The facts were these-

Three months ago, I RSVP’ed to my cousins wedding. Of course, I had to come up with something stunning to wear, and any old clothing store wouldn’t work- I have an IMAGE to maintain; a standard of (neurotic) excellence to uphold in the eyes of my family. So I decided I was going to make a dress. I had three months. No problem.

I settled on a stunning 1930’s evening gown pattern (not one of my own, shockingly enough, although I did have to size it up from a size 6 to a size 18), and with two months left, I picked out my fabric. I had two months to get it done. No worries.

And then school came along like a rider of the Apocalypse, and gobbled up all my time. When I wasn’t desperately cramming in as much Japanese and Chinese vocab as I could before a test (a test every week??!! That’s pure sadism!!), or maniacally hammering away on my laptop to crank out ANOTHER anthropology essay, I was either folding origami for First Friday until my fingers were numb, or was flopped out in the house in a state very similar to that of a human vegetable. I was exhausted every day, and felt like I’d been run over by a truck. A big rig truck. Multiple times.

Well, my cousin’s wedding is tomorrow.

I started the dress on Tuesday.

For four hours, I sized out the pattern, sewed together a muslin sample, and with a quick prayer, cut into the fabric.
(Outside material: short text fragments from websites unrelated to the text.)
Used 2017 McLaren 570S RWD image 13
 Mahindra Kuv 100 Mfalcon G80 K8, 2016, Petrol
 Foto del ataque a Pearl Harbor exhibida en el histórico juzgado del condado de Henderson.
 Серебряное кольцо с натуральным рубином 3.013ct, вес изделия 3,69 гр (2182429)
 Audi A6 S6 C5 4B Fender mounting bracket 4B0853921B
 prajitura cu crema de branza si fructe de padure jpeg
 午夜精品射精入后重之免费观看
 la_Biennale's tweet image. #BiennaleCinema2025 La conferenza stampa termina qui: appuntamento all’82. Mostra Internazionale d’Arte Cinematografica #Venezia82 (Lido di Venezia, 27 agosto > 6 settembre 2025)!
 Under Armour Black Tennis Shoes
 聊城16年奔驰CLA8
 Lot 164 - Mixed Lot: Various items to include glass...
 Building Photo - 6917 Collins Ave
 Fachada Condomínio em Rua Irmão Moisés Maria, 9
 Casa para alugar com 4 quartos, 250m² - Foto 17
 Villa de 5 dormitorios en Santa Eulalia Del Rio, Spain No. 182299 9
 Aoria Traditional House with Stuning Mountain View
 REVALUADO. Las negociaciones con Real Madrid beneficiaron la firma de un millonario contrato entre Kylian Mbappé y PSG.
On Wednesday I had a nervous melt down.

On Thursday I worked on the dress for six hours, around a full day of classes and two tests.

On Saturday, I finished the dress, jumped into the car, and scampered off to the wedding.

Is it 100% perfect? Well, to me, no, it’s not. I always struggle with satin, because I don’t actually have a good workspace for laying it out and cutting it. And I skipped the very necessary French seams completely in deference to my limited time.

But that’s not really the point. The point is that with the assistance of seven energy drinks, I managed to put together a stunning evening gown in four days.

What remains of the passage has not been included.